ClinGen lumping and splitting - rules
ClinGen lumping and splitting - rules¶
by Sabrina Toro
updated Feb 13 2025
Background: Whether to lump or split disease entities has been recognized as the key challenge of nosology for over five decades [1]. Lumpers group diseases into broader categories that include items that share important features despite some differences; splitters prefer narrower disease categories that subgroup disease entities. The Clinical Genome Resource (ClinGen) has developed frameworks to determine whether diseases should be “lumped” or “split”. [2].
In the context of the collaboration between ClinGen and Mondo, many requests refer to “lumping” or “splitting” terms in Mondo. This document summarized the rules followed in Mondo.
General rules: - Mondo aims for 100% alignment with disease terminology sources. For example, all terms in OMIM terms representing a disease should be represented in Mondo. - Mondo also does not arbitrate whether disease should be lumped or split, but rather aims to represent all views, allowing for all use cases.
Term lumping¶
Lumping diseases refers to the practice of grouping diseases under one main disease.
Example: OMIM considers the following diseases as two separate entities: - ‘retinitis pigmentosa 20’ (OMIM:613794; MONDO:0013425) - ‘leber congenital amaurosis 2’ (OMIM:204100; MONDO:0008765) However, the ClinGen Retina Gene Curation Expert Panel consider these diseases as a single disease entity, and suggested these diseases to be lumped under the name "RPE65-related recessive retinopathy" (https://github.com/monarch-initiative/mondo/issues/4937)
Mondo rules: - create a new term for the "lumped" disease entity in the example above:‘RPE65-related recessive retinopathy’ (MONDO:0100368) - make the disease terms to be lumped SubClass-Of this new "lumped" disease entity. in the example above: ‘retinitis pigmentosa 20’ (MONDO:0013425) and ‘leber congenital amaurosis 2’ (MONDO:0008765) are SubClasses of MONDO:0100368
Term splitting¶
Splitting diseases refers to the practice of dividing a single disease into multiple disease entities.
Example: OMIM has one term for "alpha-thalassemia" (OMIM:604131). The ClinGen Hemoglobinopathy Variant Curation Expert Panel suggested that different disease entitites were represented within this single OMIM disease (https://github.com/monarch-initiative/mondo/issues/7561)

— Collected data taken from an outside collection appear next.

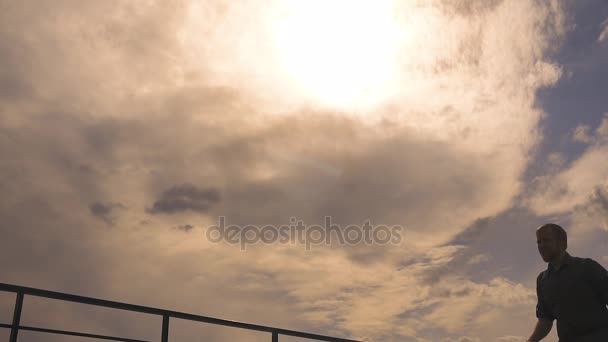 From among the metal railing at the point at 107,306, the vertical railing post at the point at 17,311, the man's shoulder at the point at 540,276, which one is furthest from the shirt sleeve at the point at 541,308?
the vertical railing post at the point at 17,311

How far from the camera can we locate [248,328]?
7.37 meters

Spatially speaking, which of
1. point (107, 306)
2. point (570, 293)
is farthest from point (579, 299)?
point (107, 306)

Mondo rules: - create a new terms for the new disease entities resulting from the split - make these new disease terms SubClass-Of the existing Mondo term "to be split".

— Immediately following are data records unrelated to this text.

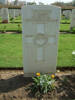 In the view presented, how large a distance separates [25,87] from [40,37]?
1.04 meters

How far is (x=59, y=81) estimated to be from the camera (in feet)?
9.64

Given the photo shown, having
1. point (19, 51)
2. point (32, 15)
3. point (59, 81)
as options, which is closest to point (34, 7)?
point (32, 15)

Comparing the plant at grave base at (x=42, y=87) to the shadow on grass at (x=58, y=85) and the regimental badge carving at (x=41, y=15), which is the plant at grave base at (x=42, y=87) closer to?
the shadow on grass at (x=58, y=85)

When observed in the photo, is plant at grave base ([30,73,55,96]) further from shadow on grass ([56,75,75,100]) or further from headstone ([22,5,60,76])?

Result of the split from the example above:
Reference¶
[1] McKusick VA. On lumpers and splitters, or the nosology of genetic disease. Perspect Biol Med. 1969 Winter;12(2):298-312. doi: 10.1353/pbm.1969.0039. PMID: 4304823. [2] Thaxton C, Goldstein J, DiStefano M, Wallace K, Witmer PD, Haendel MA, Hamosh A, Rehm HL, Berg JS. Lumping versus splitting: How to approach defining a disease to enable accurate genomic curation. Cell Genom. 2022 May 11;2(5):100131. doi: 10.1016/j.xgen.2022.100131. PMID: 35754516; PMCID: PMC9221396.